• _Task details_: Transcribe verbatim every line from the line containing "Rear view of" to the end of the entries, including both endpoints. Output nothing beyond those lines.

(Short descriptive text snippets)
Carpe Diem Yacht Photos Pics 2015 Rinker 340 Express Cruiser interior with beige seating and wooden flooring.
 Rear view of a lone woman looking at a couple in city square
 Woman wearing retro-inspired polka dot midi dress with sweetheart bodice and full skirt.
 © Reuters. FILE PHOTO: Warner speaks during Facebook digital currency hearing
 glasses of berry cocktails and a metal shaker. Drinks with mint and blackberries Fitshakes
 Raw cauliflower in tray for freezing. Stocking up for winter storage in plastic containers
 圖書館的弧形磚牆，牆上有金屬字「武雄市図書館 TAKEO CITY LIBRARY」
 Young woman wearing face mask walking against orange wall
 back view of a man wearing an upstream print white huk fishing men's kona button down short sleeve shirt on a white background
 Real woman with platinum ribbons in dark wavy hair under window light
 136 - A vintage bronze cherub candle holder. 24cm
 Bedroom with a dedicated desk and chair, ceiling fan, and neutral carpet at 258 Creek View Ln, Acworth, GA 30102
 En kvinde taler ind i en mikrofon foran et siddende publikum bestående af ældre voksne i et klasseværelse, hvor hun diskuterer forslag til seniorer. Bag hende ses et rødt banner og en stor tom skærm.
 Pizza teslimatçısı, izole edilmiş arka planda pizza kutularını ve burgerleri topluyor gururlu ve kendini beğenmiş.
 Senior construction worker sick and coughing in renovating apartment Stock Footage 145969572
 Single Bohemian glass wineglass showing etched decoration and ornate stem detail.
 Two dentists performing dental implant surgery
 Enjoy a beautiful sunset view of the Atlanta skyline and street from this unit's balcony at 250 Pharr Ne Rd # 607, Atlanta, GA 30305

• _Your response_:
 Rear view of a lone woman looking at a couple in city square
 Woman wearing retro-inspired polka dot midi dress with sweetheart bodice and full skirt.
 © Reuters. FILE PHOTO: Warner speaks during Facebook digital currency hearing
 glasses of berry cocktails and a metal shaker. Drinks with mint and blackberries Fitshakes
 Raw cauliflower in tray for freezing. Stocking up for winter storage in plastic containers
 圖書館的弧形磚牆，牆上有金屬字「武雄市図書館 TAKEO CITY LIBRARY」
 Young woman wearing face mask walking against orange wall
 back view of a man wearing an upstream print white huk fishing men's kona button down short sleeve shirt on a white background
 Real woman with platinum ribbons in dark wavy hair under window light
 136 - A vintage bronze cherub candle holder. 24cm
 Bedroom with a dedicated desk and chair, ceiling fan, and neutral carpet at 258 Creek View Ln, Acworth, GA 30102
 En kvinde taler ind i en mikrofon foran et siddende publikum bestående af ældre voksne i et klasseværelse, hvor hun diskuterer forslag til seniorer. Bag hende ses et rødt banner og en stor tom skærm.
 Pizza teslimatçısı, izole edilmiş arka planda pizza kutularını ve burgerleri topluyor gururlu ve kendini beğenmiş.
 Senior construction worker sick and coughing in renovating apartment Stock Footage 145969572
 Single Bohemian glass wineglass showing etched decoration and ornate stem detail.
 Two dentists performing dental implant surgery
 Enjoy a beautiful sunset view of the Atlanta skyline and street from this unit's balcony at 250 Pharr Ne Rd # 607, Atlanta, GA 30305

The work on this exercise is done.